# WHAT TO DO
The answer is the exact run of lines in the listing below from the line containing "Mads Z Sophia's" up to and including the line containing "Police arrest a", with pictures removed.

[[ DATA EXCERPTS, beginning ]]

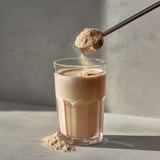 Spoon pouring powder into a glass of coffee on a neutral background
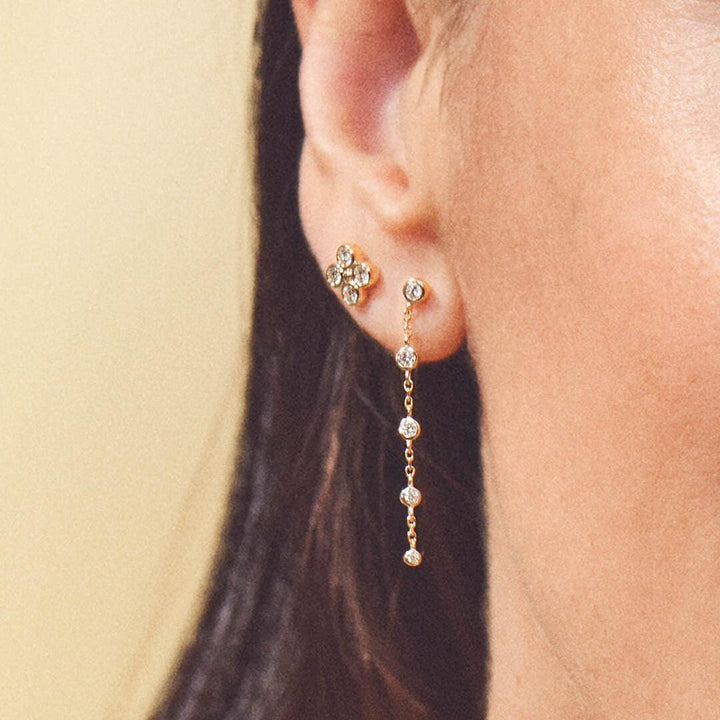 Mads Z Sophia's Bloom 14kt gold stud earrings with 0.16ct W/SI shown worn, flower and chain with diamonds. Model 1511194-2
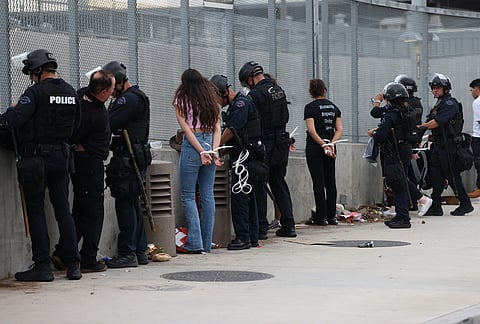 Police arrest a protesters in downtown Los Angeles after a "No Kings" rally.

[[ DATA EXCERPTS, end ]]
[[ DATA EXCERPTS, beginning ]]

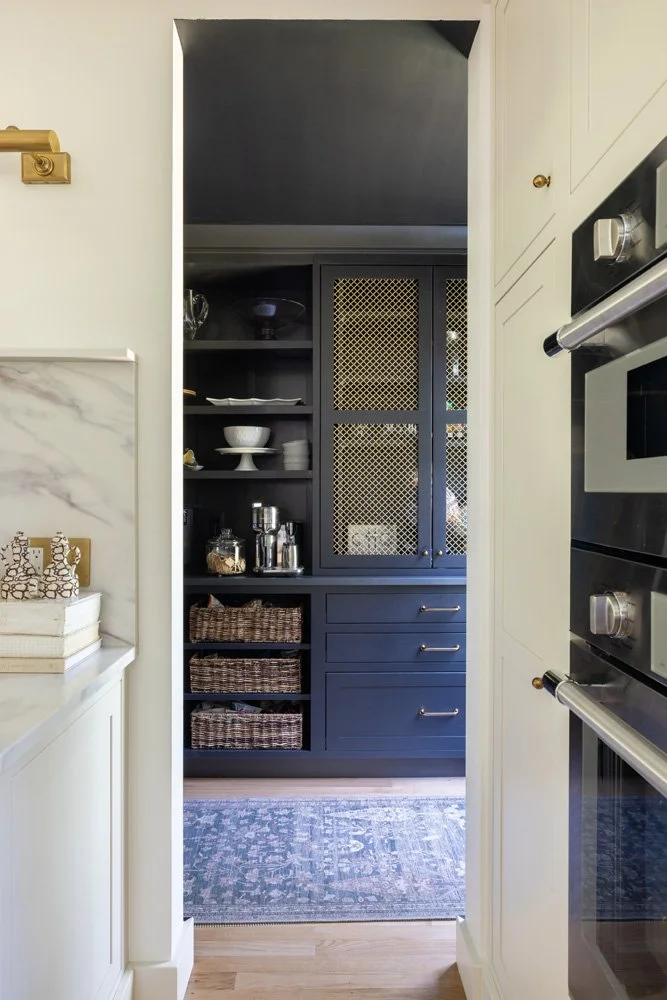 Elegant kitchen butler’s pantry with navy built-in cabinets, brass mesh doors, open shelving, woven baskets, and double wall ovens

[[ DATA EXCERPTS, end ]]

# SOLUTION TO THE PROBLEM
 Mads Z Sophia's Bloom 14kt gold stud earrings with 0.16ct W/SI shown worn, flower and chain with diamonds. Model 1511194-2
 Police arrest a protesters in downtown Los Angeles after a "No Kings" rally.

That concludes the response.